Ebenso bedeutsam für die Praxis politischer Bildung ist, wie komplex und hochdifferenziert Politik heute stattfindet. Wer einmal mit einem Teenager die Tagesschau angesehen hat, kann dies vermutlich nachvollziehen – richtig verstehen können Heranwachsende (oder politisch wenig interessierte Erwachsene) die Tagesschau wohl erst, wenn sie ca. ein Jahr lang täglich die Nachrichten verfolgt haben. Hinzu kommt, dass in einer Zeit der multiplen, sich wechselseitig verstärkenden und dynamisierenden Krisen und der zunehmenden Vielfalt an ausdifferenzierten Perspektiven die Zumutungen der modernen Gesellschaft an den/die Einzelne*n kaum mehr zu bewältigen sind. Viele flüchten sich dann entweder in ihr privates Refugium oder in die (digitale) Wut – was erkennbar keine guten Ausgangsbedingungen für mögliche Lernprozesse im Rahmen politischer Bildung sind.

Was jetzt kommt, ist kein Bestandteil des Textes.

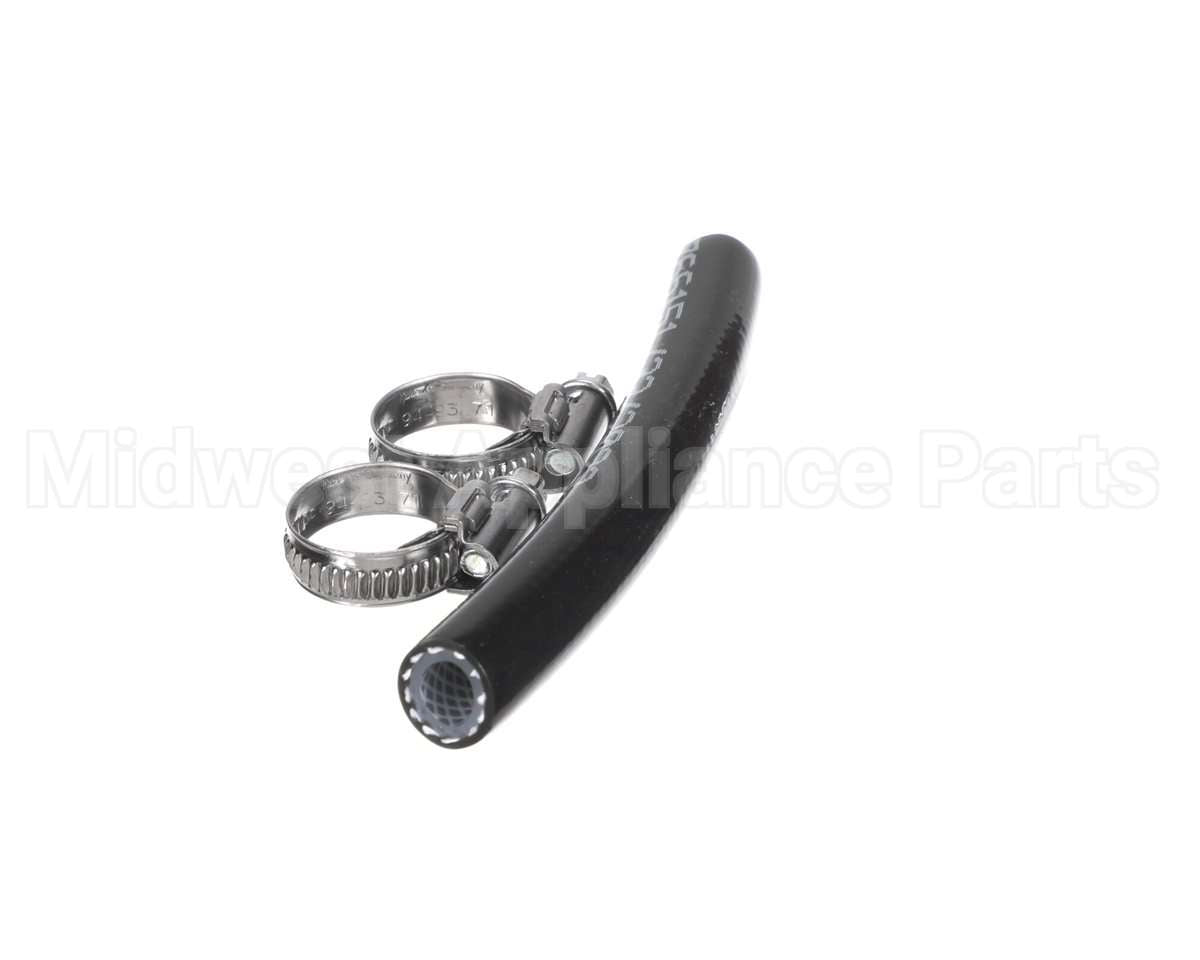 56.00.744S Rational Pressure Hose 10Mm 130Mm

Innerhalb unserer AEEB müssen wir leider festhalten, dass der Stellenwert politischer Bildung ausweislich der Statistik nicht besonders hoch ist und auch nicht unbedingt wächst. Die Finanzierungsstrukturen der Erwachsenenbildung sind oft nicht förderlich für die Politische Bildung, obwohl es im neuen EBFöG des Freistaats erste positive Veränderungen gibt. Evangelische Erwachsenenbildung ist eher persönlichkeitsorientiert, und die verstärkte Anbindung an kirchliche Strukturen in den letzten Jahren hat einen gesellschaftsbezogenen Blick zusätzlich in den Hintergrund gedrängt.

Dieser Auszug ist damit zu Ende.